林伯渠早已有所准备,他向陈独秀讲述了这些年来的心路历程,还谈到了家乡湖南走马观花般的政局。程潜、谭延闿、赵恒惕互相倾轧排挤,林伯渠的堂兄、与他一起参加革命并逐渐接受马克思主义的林修梅也被排挤出湖南,这让林伯渠的苦闷更加强烈了。他说,俄国十月革命能够成功主要是靠无产阶级,中国革命靠军阀打军阀行不通,只能依靠无产阶级。

听了林伯渠的话,陈独秀的顾虑打消了,同意他加入共产党。陈独秀说:“你和守常(李大钊)熟悉,就由我和守常介绍你入党。我的意见,你若加入后,做一个秘密党员作用会更大些。”就这样,1921年1月,林伯渠经李大钊、陈独秀介绍,加入上海共产党早期组织,成为第一批50多名党员中的一个,并继续留在国民党内工作,后来为国共合作做出了重要贡献。

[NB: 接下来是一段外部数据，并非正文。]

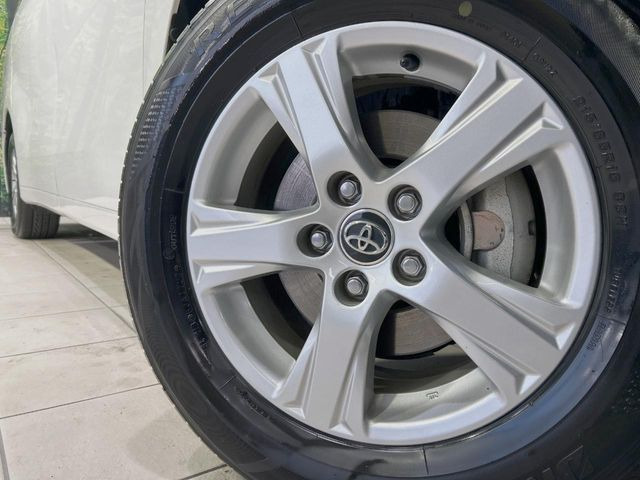 �y����16�C���`�A���~�z�C�[���z�O�ςɃ}�b�`���������A���~�z�C�[���𑕒����Ă���܂��B�e��ЊO�A���~�z�C�[����A�X�^�b�h���X�^�C�����戵�����Ă���܂��B���񂲑��k����������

“一些老同盟会会员,董必武、吴玉章等,也在这时开始转向社会主义。”中央党史和文献研究院第二研究部主任李颖在刚出版的《文献中的百年党史》一书中写道。吴玉章回忆,他从辛亥革命以来的实践中认识到,“从前的一套革命办法非改变不可”。他说:“十月革命和五四运动的发生给我启示了一个新的方向和新的途径。”“必须依靠下层人民,必须走俄国人的道路,这种思想在我头脑中日益强烈、日益明确了。”

“这些有着不同经历的先进分子殊途同归的事实表明,抛弃资本主义的救国方案,走马克思主义指引的道路,是相当多的中国先进分子共同作出的历史性抉择。”李颖说。

维经斯基,“最初且最有贡献的一个人”

“就出身而言,第一批党员中绝大多数出身士绅家庭,部分出身富裕农民家庭,官僚及商人家庭者少,出身贫困者亦少。从学历上看,除个别人如陈独秀、董必武中过秀才外,多数人接受的是新式教育,在读大学生或刚毕业者占半数,中学生、中专生,特别是师范生亦占一定比例。他们接受新思想快,对社会、国家乃至世界大势关注多。吸引他们的是俄国十月革命所建立的能够打败列强干涉的平民政权,以及他们所追求的消灭一切不平等现象的理想社会。”华东师范大学教授杨奎松告诉记者。

俄国的经验又是怎样传到中国的呢?除了文章编译、文字资料介绍等方式外,俄国使者也来到了中国。1920年4月,正当中国先进知识分子积极筹备建党的时候,经共产国际批准,俄共(布)远东局海参崴(今符拉迪沃斯托克)分局外国处派出全权代表维经斯基来华。他是共产国际派往中国的首位代表。

“维经斯基来华的任务主要不是帮助建党,但他受命推动中国各个革命团体的联合及宣传苏俄革命,客观上加速了中国共产党的创建。”杨奎松说。

维经斯基当时27岁,中文名吴廷康。他到北京见了李大钊和五四运动中的骨干。当时还是北京大学学生的罗章龙回忆道:“他(维经斯基)还说,俄国在革命以前是非常落后的。维经斯基是学统计学的,他列出一些数字,说明在革命胜利之后,工农业生产的增长,这些成就主要是由于社会主义制度的优越性。”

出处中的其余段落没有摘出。